Alloys of cobalt, nickel, chromium, and molybdenum may also be
used. The stents may also be made from bioabsorbable or biostable
polymers. Stents formed from stainless steel or similar alloys
typically are designed, such as in a helical coil or the like, so
that they are spring biased outwardly.
[0072] With respect to stents formed from shape-memory alloys such
as NiTi (nickel-titanium alloy), the stent will remain passive in
its martensitic state when it is kept at a temperature below the
transition temperature. In this case, the transition temperature
will be below normal body temperature, or about 98.6.degree. F.

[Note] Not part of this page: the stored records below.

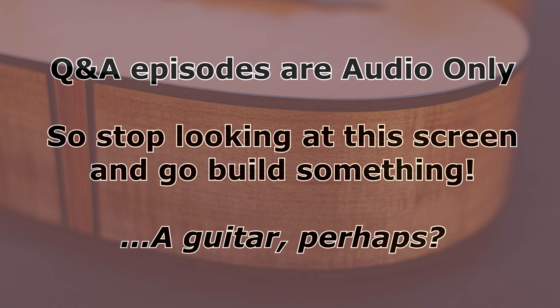Andrew writes: the build is going well. I've bent up the other side this weekend and have a few questions. I'm using Indian rosewood for the back and was wondering: can I use the same material for the reinforcing backstrip that goes on the inside of the back? He also notes that yes, the grain will be running 90 degrees to the back, which is good. Let me tackle this first question about the backstrip.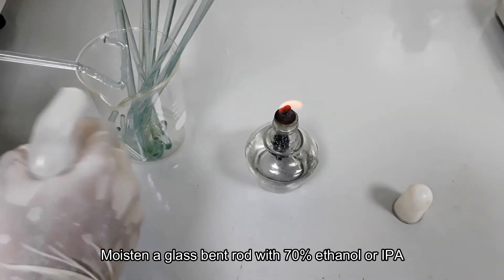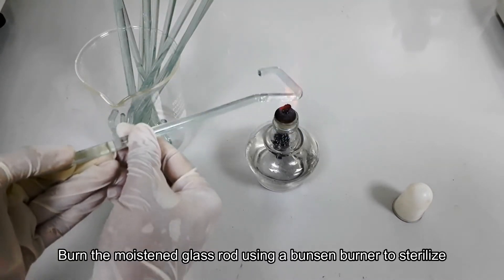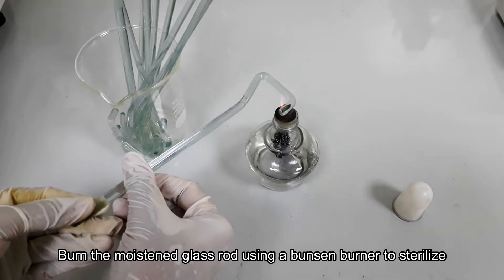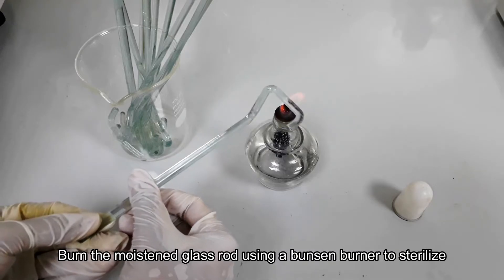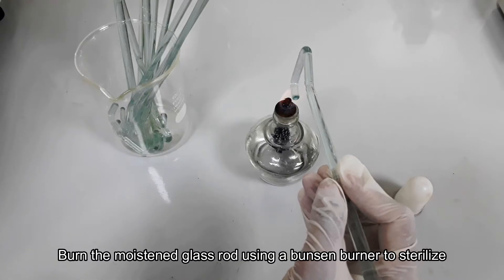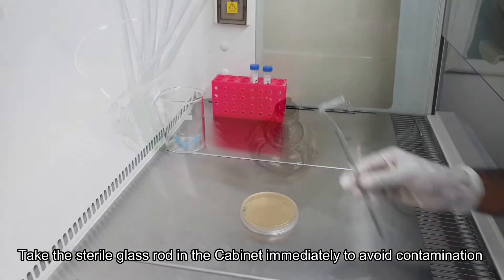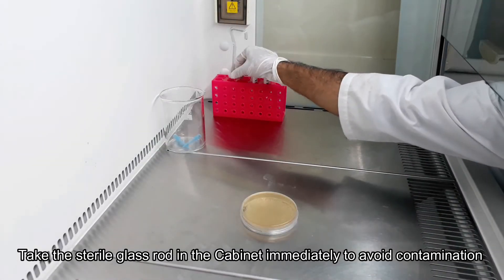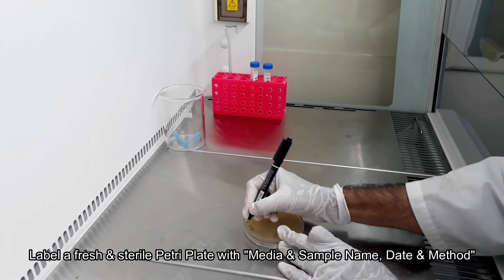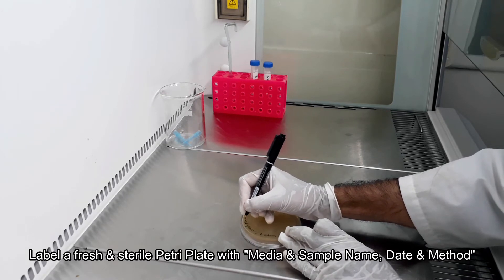First of all, wet a glass spreader by spraying 70% ethanol or isopropyl alcohol and burn it by rotating for sterilization. After that, keep it inside the biological safety cabinet and wait to cool. Label a fresh culture media plate — labeling should include media name, test name, method, date, etc.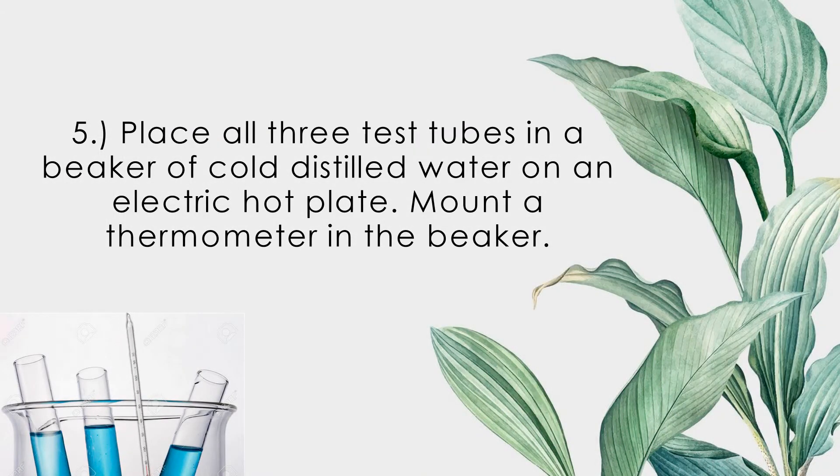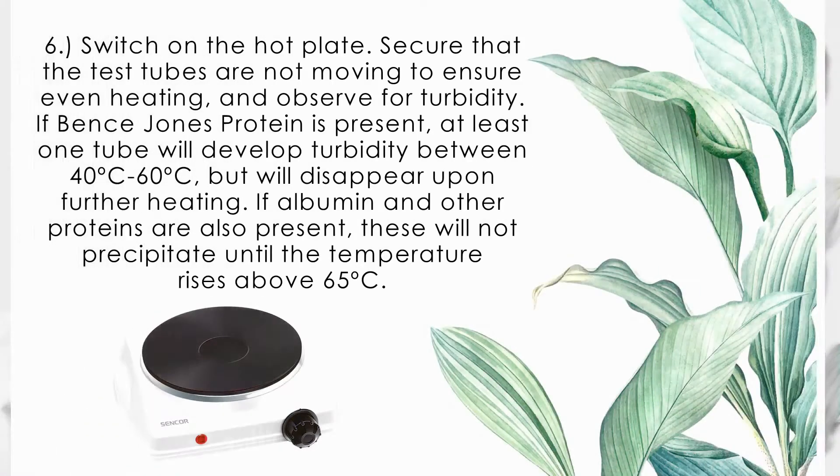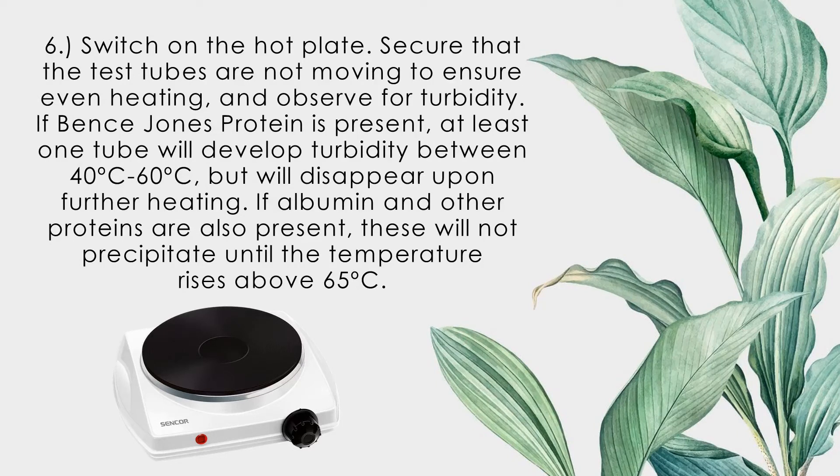Place all three test tubes in a beaker of cold distilled water on an electric hot plate. Mount a thermometer in the beaker. Switch on the hot plate. Secure that the test tubes are not moving to ensure even heating, and observe for turbidity.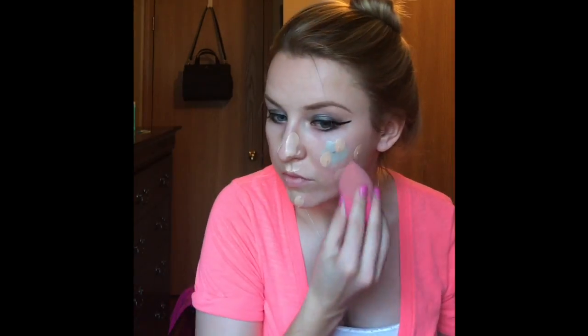If you guys haven't noticed, I have a little problem area, so I'm just going to cover that up with some color-correcting concealer, and then I'm just going to put my foundation on top of that. I just add a little more because I still haven't covered it up as much as I wanted to. So I'm just taking my foundation and applying that to my face with my beauty blender.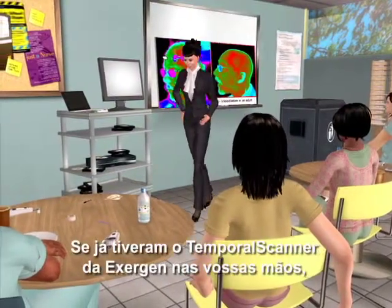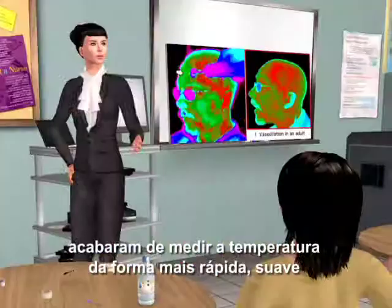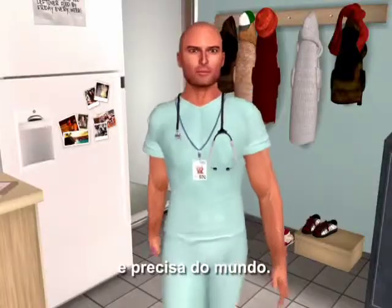If you had had the Exergen temporal scanner in your hand, you would have just taken the fastest, gentlest, most accurate temperature in the world.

When the NiTi stent is exposed to normal body temperature, it will
immediately attempt to return to its austenitic state, and will
rapidly expand radially outwardly to achieve its preformed state.
Details relating to the properties of devices made from
nickel-titanium can be found in "Shape-Memory Alloys," Scientific
American, Vol. 281, pages 74-82 (November 1979), which is
incorporated herein by reference.
[0073] The pattern of the stent can be cut from either a
cylindrical tube of the stent material or from a flat piece of the
stent material, which is then rolled and joined to form the stent.
Methods of cutting the lattice pattern into the stent material
include laser cutting and chemical etching, as described in U.S.
Pat. No. 5,759,192 issued to Saunders and U.S. Pat. No. 5,421,955
issued to Lau, both patents incorporated herein by reference in
their entirety. Alternative embodiments, as known to those of skill
in the art, of manufacturing stents may also be used. The stents
may also be polished, as known to those of skill of the art.
[0074] In a preferred embodiment, the stents of the present
invention are used to deliver more than one drug to a desired body
location. Thus, treatment for different causes may be administered
with a combination of drugs. In addition, more than one drug may be
used for the same cause of restenosis, such that a reduced dosage
may be administered, with lower risk of side-effects, and/or a more
effective treatment of the cause. In addition, more than one drug
may be administered for multiple causes of restenosis. Both long
term therapies and short term therapies may be utilized. As used in
this application, the term "drug" denotes any compound which has a
desired pharmacological effect, or which is used for diagnostic
purposes. Useful drugs include, but are not limited to angiogenic
drugs, smooth muscle cell inhibitors, collagen inhibitors,
vasodilators, anti-platelet substances, anti-thrombotic substances,
anti-coagulants, gene therapies, cholesterol reducing agents and
combinations thereof. The drugs may also include, but are not
limited to anti-inflammatory, anti-proliferative, anti-allergic,
calcium antagonists, thromboxane inhibitors, prostacyclin mimetics,
platelet membrane receptor blockers, thrombin inhibitors and
angiotensin converting enzyme inhibitors, antineoplastic,
antimitotic, antifibrin, antibiotic, and antioxidant substances as
well as combinations thereof, and the like.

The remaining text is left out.